I ran three different analyses of word use frequency. For simplicity I reduced the analysis to just the four most common comment subjects.

  • Pearson correlations for word use frequencies. This method compares the absolute frequencies for words found in ALL of the Subject sub-categories.
  • Word frequency differences based on log-odds ratios. This method highlights terms that are the most different between sub-categories. Again, this method compares frequencies for words found in ALL of the Subject sub-categories.
  • N-grams mapping (In progress). This method identifies text strings, phrases, and terms that are unique (or nearly unique) to one sub-category. Unlike the other two methods, this one does not drop terms which are missing from one or more groups.

 

Setup

# Call in tidyverse, other required libraries.
library(tidyverse)
library(tidytext)
library(dplyr)
library(tidyr)
library(ggplot2)
library(scales)

#Read in CSV as a starting dataframe named "base_data". 
base_data <- read_csv(file='data/coded_full_comments_dataset_Spring18anonVERB.csv')

 

Pearson Correlations of Word Frequencies

Are Shared Words Used At Different Frequencies?

This analysis takes all comments from base_data, tokenizes and filters stopwords, then counts and sorts fractional frequencies for each word in each category. NOTE: this analysis only compares word use for terms present in ALL sub-categories. If a word is MISSING from any subcategory, the data row for that word is pruned from the dataset.
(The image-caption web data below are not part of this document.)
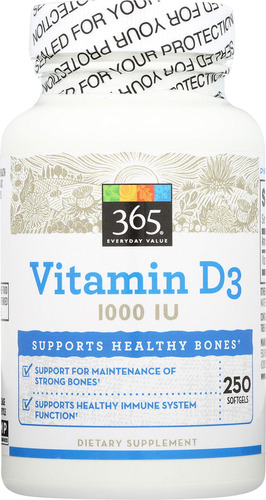 Suplemento 365 Da Whole Foods Market Vitamina D3 1000 Ui 250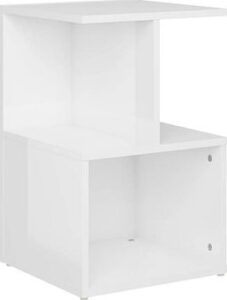 SHUMEE Nočný stolík biely s vysokým leskom 35 ×
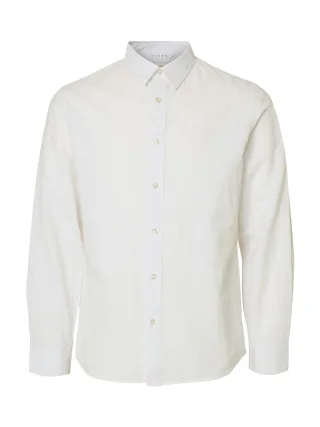 selected men - SLMSLIM-SUN SHIRT LS NOOS White - Gr. - XXL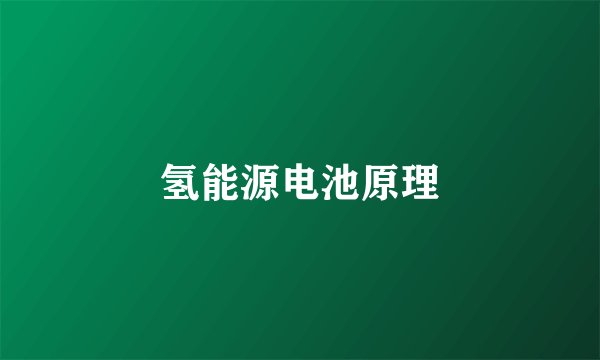 氢能源电池原理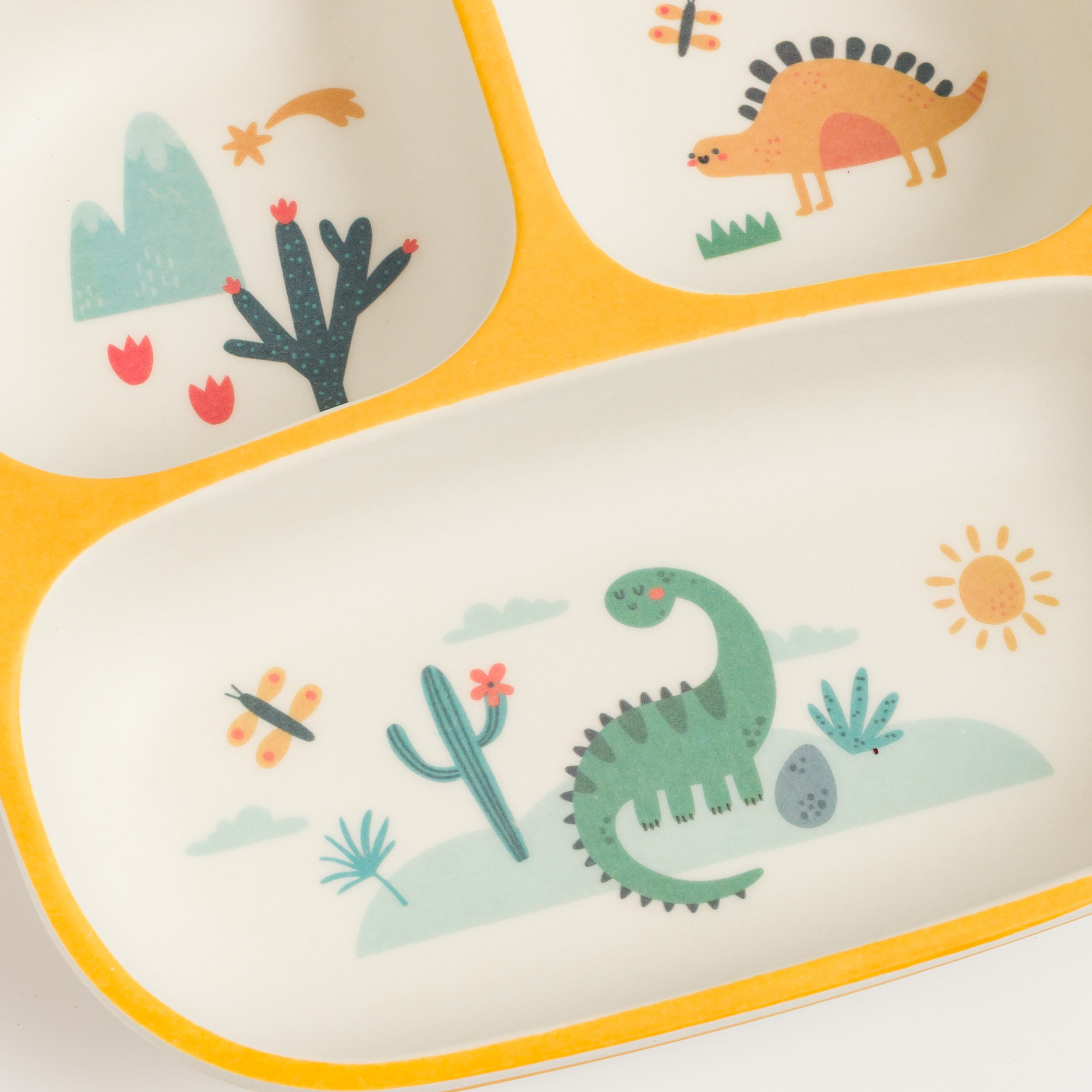 Dining plate, children's, 18 cm, 3 otd, bamboo, square, yellow, Dinosaurs, Dino, image-4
This eliminates all unique words in favor of words found in all sub-categories.

#Tokenize phrases, remove the stop words listed in R's standard reference file.
base_data_tokenized <- base_data %>% 
  unnest_tokens(word,ta.comment)

#Stopwords removal.  
sortedwords.comments.all <- base_data_tokenized %>%
  filter(!word %in% stop_words$word,
         !word %in% str_remove_all(stop_words$word, "'"),
         str_detect(word, "[a-z]")) %>%
  count(word, word, sort = TRUE) %>%
  ungroup()

#Calculate total # of words
total_words.all <- sortedwords.comments.all %>% 
  summarize(total = sum(n))

#Calculate then append fractional word frequencies.
sortedwords.comments.all.fraction <- sortedwords.comments.all %>% as_tibble() %>% mutate(
  all.fraction = (n*100)/total_words.all$total
  )

#Select SUBSETs of tokenized data based on code.subject: 
base_data_tokenized.basic <- subset(base_data_tokenized, code.subject == "1_basic", select = (1:28))
base_data_tokenized.writing <- subset(base_data_tokenized, code.subject == "2_writing", select = (1:28))
base_data_tokenized.technical <- subset(base_data_tokenized, code.subject == "3_technical", select = (1:28))
base_data_tokenized.logic <- subset(base_data_tokenized, code.subject == "4_logic", select = (1:28))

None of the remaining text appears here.